I recently bought two Jinhao pens to add to my collection which now totals nine. I thought now is as good a time as any to wax lyrical about the properties of these cheap but excellent Chinese made pens.
Jinhao pens are made by the Shanghai Qiangu Stationery Co.,ltd in China. The company was established in 1988 in Jiangxi Province, but relocated to Shanghai in 2003. The company has two manufacturing factories and employs about 300 workers. And that is about all you can find out about the company as the Jinhao Pens web site no longer exists
I bought my first Jinhao in 2014 when I started getting back into Fountain pens. I had just ordered my first TWSBI and saw the Jinhao- thought they were very cheap and therefore I would give them a go. At $10 a pen there isn't much to lose. I was pleasantly surprised and now they are rotated quite frequently through the pens I use.
I suspect many people dismiss them because they are Chinese and cheap but for the price they are amazing pens, worth every dollar spent. Like Lamy they are becoming ubiquitous and can be found everywhere usually retailing for about $10 whether American, NZ or Australian dollars, for once a pen is cheaper in Australasia than the USA.
A great blog about the Chinese ability to make cheap pens can be read here.
The ink I tried to use to test all the pens for this blog is a TAG ink from Kyoto, these inks are sometimes also listed as kyo-iro or kyo-no-oto inks. The colour is Hushimi no Shyunuri - red flames. It is a brick-red with some nice shading, red ink is not my thing but I had a bottle sent to me by a friend. Ink properties are commented on when testing the pens. These inks are available from Pen Classics at $NZ39.99 for 40ml. They can also be obtained from Bookbinders and the Deskbandit in Australia for $AUD36.90 and $AUD32 respectively.
My first Jinhao was a black 750. Like most of the bigger Jinhao pens it comes with a #6 stainless steel nib. The #6 is the same size as the nib in a TWSBI Vac700 (the #5 is equivalent to the nib in a 580). Its a fairly substantial nib but then again this is a fairly substantial pen.

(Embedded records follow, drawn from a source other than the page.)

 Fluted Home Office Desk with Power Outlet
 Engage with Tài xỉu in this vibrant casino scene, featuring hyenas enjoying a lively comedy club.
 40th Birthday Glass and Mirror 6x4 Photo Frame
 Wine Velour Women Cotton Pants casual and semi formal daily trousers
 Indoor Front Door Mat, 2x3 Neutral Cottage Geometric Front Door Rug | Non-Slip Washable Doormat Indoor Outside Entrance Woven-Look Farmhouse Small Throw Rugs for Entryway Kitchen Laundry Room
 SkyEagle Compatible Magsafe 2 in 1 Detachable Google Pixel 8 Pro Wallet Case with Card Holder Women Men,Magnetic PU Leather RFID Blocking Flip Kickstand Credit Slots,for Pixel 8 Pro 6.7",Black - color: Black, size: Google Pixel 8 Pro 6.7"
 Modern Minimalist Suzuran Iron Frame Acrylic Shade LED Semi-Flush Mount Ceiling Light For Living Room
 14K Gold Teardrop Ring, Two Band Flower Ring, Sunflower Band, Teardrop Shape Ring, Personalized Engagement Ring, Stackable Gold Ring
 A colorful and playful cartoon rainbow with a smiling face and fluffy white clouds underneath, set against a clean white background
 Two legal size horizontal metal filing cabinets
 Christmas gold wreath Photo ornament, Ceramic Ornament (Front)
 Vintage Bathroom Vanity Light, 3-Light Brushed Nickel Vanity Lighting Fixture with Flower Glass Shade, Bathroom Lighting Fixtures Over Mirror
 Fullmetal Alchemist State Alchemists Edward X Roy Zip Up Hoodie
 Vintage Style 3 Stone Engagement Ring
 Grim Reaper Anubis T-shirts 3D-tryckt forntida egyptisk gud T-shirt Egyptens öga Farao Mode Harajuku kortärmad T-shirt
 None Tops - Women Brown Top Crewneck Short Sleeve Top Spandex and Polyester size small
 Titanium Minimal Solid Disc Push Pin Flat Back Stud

It is called frosted back and features a matt black body with chrome trim. I like my pens to be on the bigger side and this is just perfect for me. It is well made, looks like it cost more than $10 and is well balanced. I have never tried it posted as its a good size without.
The ink blob just to demonstrate the shading of the ink.
The black was soon followed by a white (not matt) pen in which I had the nib ground to a stub and a silver pen with a fude nib.
Unfortunately I couldn't get the TAG ink to flow in the pen with a stub grind and I did not want to tamper with the nib to get ink to flow - it works perfectly with other inks and I like the nib as it is, it does tend to run a bit on the dry side though. The fude nib is difficult and purchased on a whim so it never gets used.
The person I bought my pens from closed shop and just before he did he sold stock so I bought more 750 because they were pretty and I love purple, also got another matt black just in case I lost my first one. I don't think either of the two colours shown below are available anymore.
The 750 is just such a good pen and I recommend them to everyone as a good workhorse of a pen that you won't be upset about if you lose.
Somewhere along the way I also obtained a 159. This is as a friend would say is a 'wee beasty' of a pen. It is based on the Mont Blanc Meisterstuck le grand and I would not recommend it to any one with smaller hands or who liked small pens.
The 159 is 150mm with cap (750 is 140mm) and the same as the 750 at 125mm without cap. The maximum barrel diameter is 15mm and 10mm at the point of grip. It has a screw cap, a #6 nib and I would never ever post this pen.
Nearly forgot they all come with a converter and they take universal cartridges.